*** Extracted material

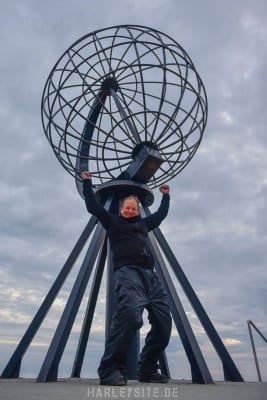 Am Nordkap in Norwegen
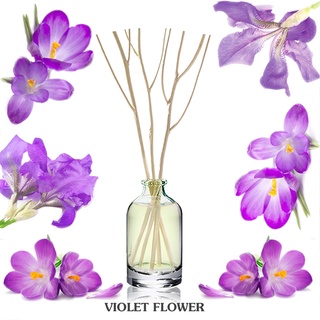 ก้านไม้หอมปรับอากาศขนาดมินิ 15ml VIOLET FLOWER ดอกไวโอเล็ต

******
*** Extracted material

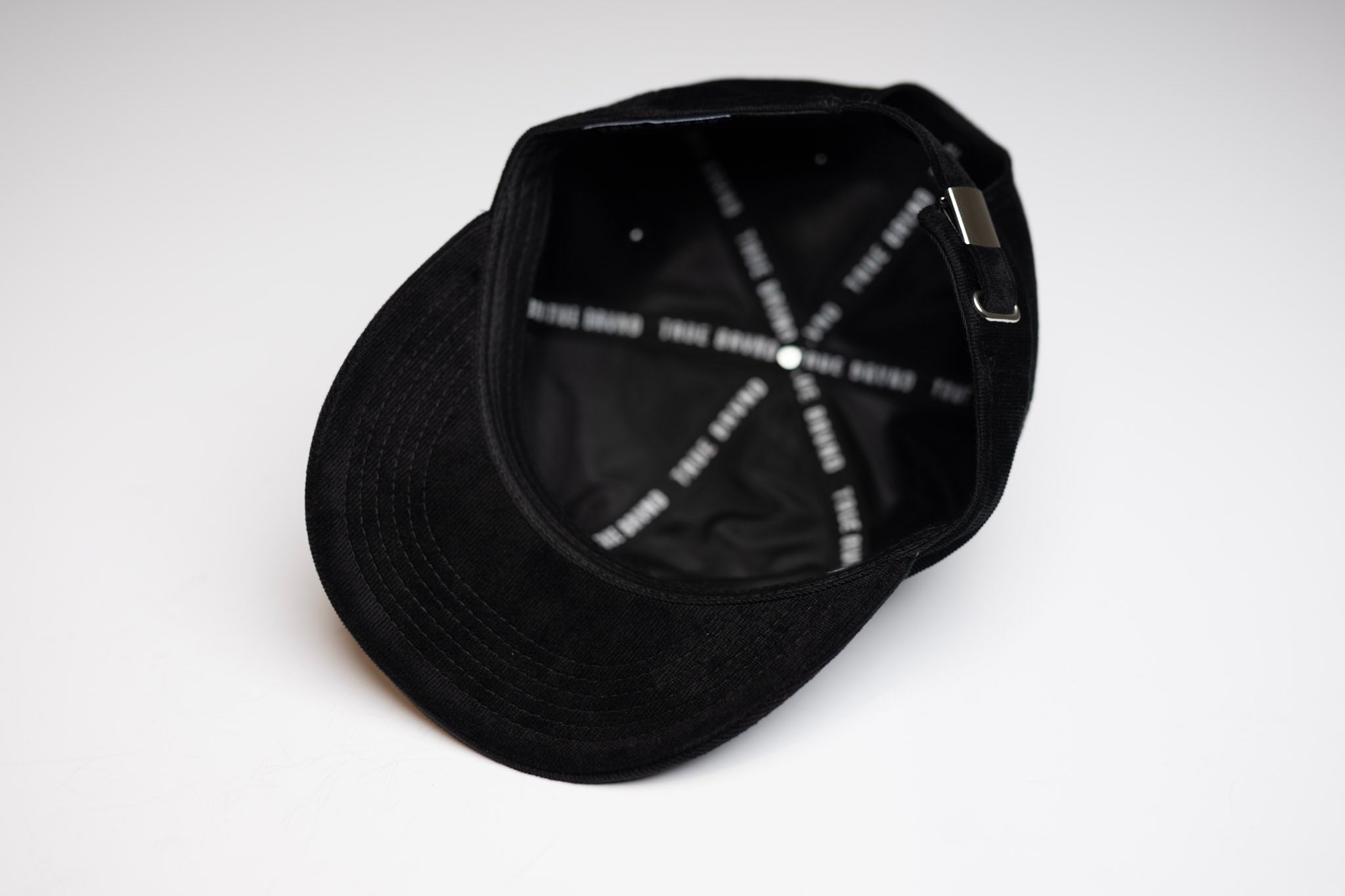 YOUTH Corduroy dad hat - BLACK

******

(What the exercise asks) In the records above, find the line with "Am Nordkap in Norwegen" and the line with "ก้านไม้หอมปรับอากาศขนาดมินิ 15ml VIOLET"; please transcribe exactly those two lines and all lines between them, omitting any picture.

(Answer to the problem)
 Am Nordkap in Norwegen
 ก้านไม้หอมปรับอากาศขนาดมินิ 15ml VIOLET FLOWER ดอกไวโอเล็ต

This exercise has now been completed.